Doug Bohr and Julianna Foster, artists and former Winston-Salem residents, have known each other for 13 years and been married for about eight years. Their relationship directly or indirectly informs all of the color photographs and related works in their joint exhibition at 5ive & 40rty.
Its title, Tête-à-Tête -- borrowed from a series of photographs by Henri Cartier Bresson -- refers to the show's thematic focus on intimate, one-to-one conversation. In a statement about the show, Foster wrote that its images reconstruct a particular conversation that she had with Bohr. In his written statement, Bohr characterized the images more broadly as "in some ways representative of a dialogue that has taken place between us for the past 10 years or more." Neither statement is more specific than that.

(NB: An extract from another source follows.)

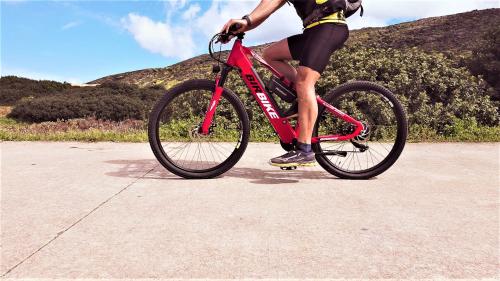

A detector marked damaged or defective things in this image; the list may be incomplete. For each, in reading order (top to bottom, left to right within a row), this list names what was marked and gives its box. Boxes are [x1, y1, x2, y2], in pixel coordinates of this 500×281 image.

crack in pavement [0, 164, 158, 276]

Foster and Bohr got married when she was an undergraduate art student at UNC Greensboro and he was an associate curator at the Southeastern Center for Contemporary Art, where he was employed for six years. In 2002 they moved to Philadelphia, where Foster last year received a master's degree in book arts and printmaking from the University of the Arts. After several years as the director of exhibitions and public programs at Philadelphia's Fabric Workshop and Museum, Bohr now works as a senior culture-program associate with the Pew Charitable Trusts.
Foster and Bohr play a direct role as subjects in two of her large-format photos, which show them dressed casually and seated beside each other on a couch in a nondescript but dramatically illuminated setting. These images, like a number of others in the show, suggest isolated frames from a movie. It's as if we're glimpsing them during a couple of thoughtful pauses in a serious discussion. Their relationship as married partners is emphasized by the matching silver bands on their left-hand ring fingers, visibly gleaming in both photos.

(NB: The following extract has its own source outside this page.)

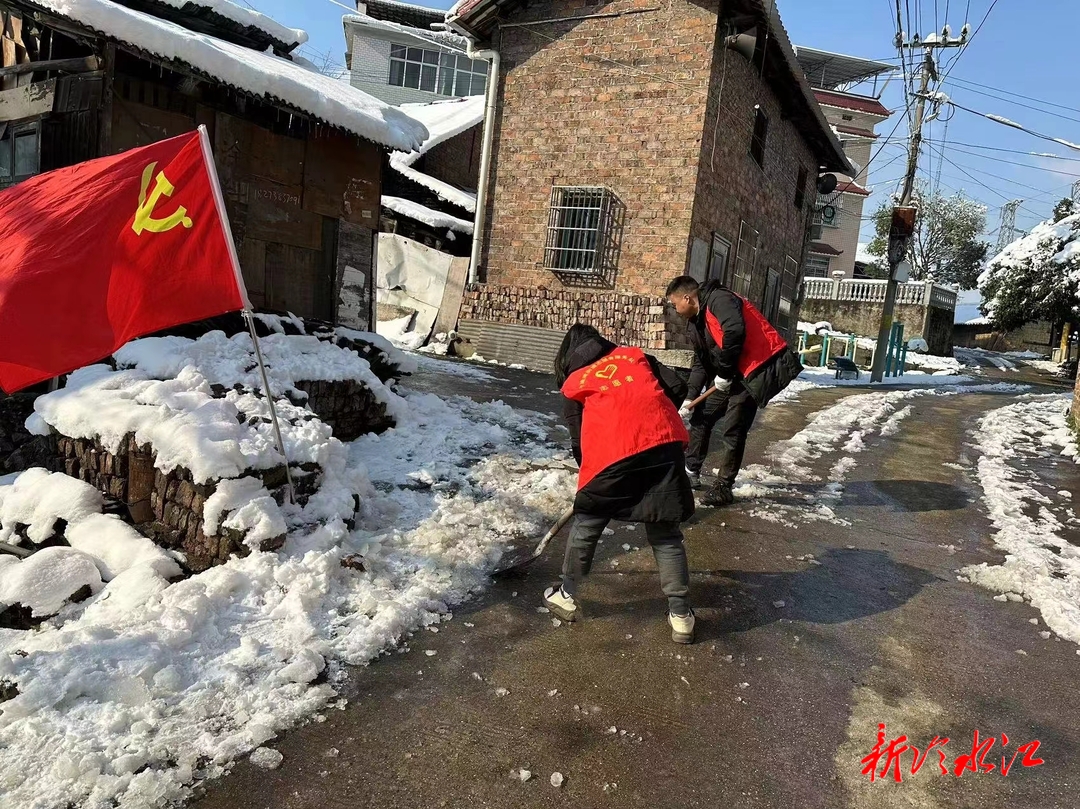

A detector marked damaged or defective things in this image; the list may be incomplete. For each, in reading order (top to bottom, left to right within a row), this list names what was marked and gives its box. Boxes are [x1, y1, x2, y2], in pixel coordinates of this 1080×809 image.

rusty metal panel [306, 128, 382, 223]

Foster appears alone in two other still photos and a video loop, all from her "Condensation" series, in which her face is shown in close-up but rendered blurry and indistinct by virtue of being viewed through a wet panel of frosted glass.
She appears to be in the midst of taking a shower and peering at us through a semi-transparent stall door -- a metaphor for the emotional and psychological barriers that can exist between individuals in even the most intimate relationships. In the video, her face alternately advances toward and recedes from the wet glass. In advancing toward it, she forms an "o" with her mouth, as if saying something or preparing to kiss the glass; in receding from it, she almost seems to evaporate into foggy abstraction.
Bohr is a subject in only one other photo -- the largest here, at 2-by-3 feet -- for which he and Foster are both credited. The prevailing pitch-black darkness in this image is penetrated in the upper left by a gleaming starburst of white light, and in the lower center by a brightly spotlighted area where Bohr's bare arms and the right side of his face are visible.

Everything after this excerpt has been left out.